ARC crews to light up Rally Tasmania The decision by the world's biggest car maker, Toyota, to withdraw from rallying has presented a huge opportunity for a host of well-credentialed privateer competitors to stake their claim for the ...
ARC crews to light up Rally Tasmania
The decision by the world's biggest car maker, Toyota, to withdraw from rallying has presented a huge opportunity for a host of well-credentialed privateer competitors to stake their claim for the 2009 Australian Championship, which gets underway with Rally Tasmania this weekend.
Among those likely to challenge when the event gets underway late on Friday in Burnie are 2008 Pacific Champion, Dean Herridge, and Victorians Eli Evans, Spencer Lownes, Brendan Reeves, Justin Dowel and Glen Raymond, and 2007 Targa Tasmania champion, Tony Sullens.

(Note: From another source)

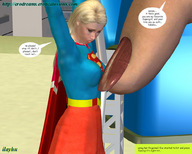 breasts giantess blonde long_hair skirt finger story supergirl captured ilayhu red_nails cape belt dialogue digital_render dc_comics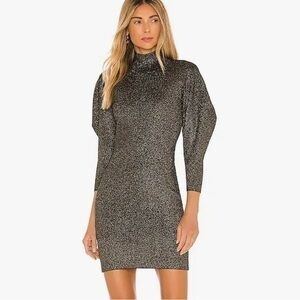 A.L.C. Samuel Black & Gold Metallic Long Sleeve Mock Neck Dress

While Toyota has withdrawn from the series, their former drivers and cars will both be on the start line, but without the factory support of days gone by.
Reigning Champion, Neal Bates, and the 2006 and 2007 champion, Simon Evans, will start as two of the favourites for victory in the first round of the ARC in Burnie, ensuring rally fans still get to see the best of the ARC drivers and cars in action.
Driving their normally-aspirated, four-wheel drive Corollas built under the Super 2000 regulations, Bates and Evans are eager to start the season in fine form.
"I am really looking forward to Tasmania," Bates said this week. "The event was very good to us last year and it was certainly a round that helped secure the championship."
Evans, while not as adept on tarmac as he is on gravel, is also confident that he has the speed to push for victory.
"We learnt a lot last year and we have to build on that," Evans said.
"Tarmac rallying clearly requires a different driving style. Our main goal going in is to get some points to help build towards the championship," he explained.
Last year's championship runner-up, Eli Evans, younger brother of Simon, will be back in his Group N Subaru Impreza WRX STI, and with a full season of running at the front of the ARC field under his belt, he is sure to be a man to watch.
Two other 'young men in a hurry' will also push hard for podium finishes. Brendan Reeves finished the 2008 rally season by finishing a brilliant third in the international Fiesta shoot-out in the UK, a competition that pitted the world's best young drivers against each other in a series of tests both inside and outside the rally car.
Reeves, who finished second outright in Rally Burnie (behind Jim Richards) in 2007, will step back into a Les Walkden Rallying Impreza WRX STI, and could well be a real victory chance.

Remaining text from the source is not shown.